- Browns Point Location within the state of Washington
- Coordinates: 47°18′14″N 122°26′15″W﻿ / ﻿47.30389°N 122.43750°W
- Country: United States
- State: Washington
- County: Pierce

Area
- • Total: 0.403 sq mi (1.04 km^{2})
- • Land: 0.403 sq mi (1.04 km^{2})
- • Water: 0.000 sq mi (0 km^{2})
- Elevation: 85 ft (26 m)

Population (2010)
- • Total: 1,198
- • Density: 2,970/sq mi (1,150/km^{2})
- Time zone: UTC-8 (Pacific (PST))
- • Summer (DST): UTC-7 (PDT)
- ZIP code: 98422
- Area code: 253
- GNIS feature ID: 2584950

= Browns Point, Washington =

Unincorporated community in Washington, United States

Browns Point is a census-designated place (CDP) in Pierce County, Washington, United States, bordered by Tacoma on the east and Puget Sound on all other sides.

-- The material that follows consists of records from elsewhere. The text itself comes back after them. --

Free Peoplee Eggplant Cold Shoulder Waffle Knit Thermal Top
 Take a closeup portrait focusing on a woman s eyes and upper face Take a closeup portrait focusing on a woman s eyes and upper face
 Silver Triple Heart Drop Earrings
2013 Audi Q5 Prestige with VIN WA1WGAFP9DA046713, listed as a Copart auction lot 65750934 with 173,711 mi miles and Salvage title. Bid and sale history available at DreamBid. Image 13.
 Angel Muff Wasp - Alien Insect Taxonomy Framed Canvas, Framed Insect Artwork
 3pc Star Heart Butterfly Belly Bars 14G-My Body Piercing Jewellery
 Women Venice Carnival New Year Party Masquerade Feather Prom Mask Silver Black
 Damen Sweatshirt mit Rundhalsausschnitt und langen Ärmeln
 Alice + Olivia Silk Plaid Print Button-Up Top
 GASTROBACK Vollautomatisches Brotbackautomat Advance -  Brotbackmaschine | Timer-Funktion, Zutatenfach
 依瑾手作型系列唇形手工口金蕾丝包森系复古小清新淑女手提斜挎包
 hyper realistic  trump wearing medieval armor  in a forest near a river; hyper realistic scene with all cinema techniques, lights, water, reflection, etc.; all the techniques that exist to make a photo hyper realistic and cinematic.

As of the 2020 census, Browns Point had a population of 1,263. The Tacoma neighborhood immediately adjacent to Browns Point is also referred to locally as "Browns Point" (although it is also often referred to as Northeast Tacoma).

==Geography==
According to the United States Census Bureau, the CDP has a total area of 0.403 square miles (1.04 km^{2}), all land.

==History==
Originally named Point Harris, after Alvin Harris, a sailmaker on the Wilkes Expedition, Browns Point was later renamed by residents for an early landowner.

==Culture==
Browns Point is home to the Browns Point Lighthouse, which, although now fully automated, was once fully staffed and was first lit on December 12, 1887.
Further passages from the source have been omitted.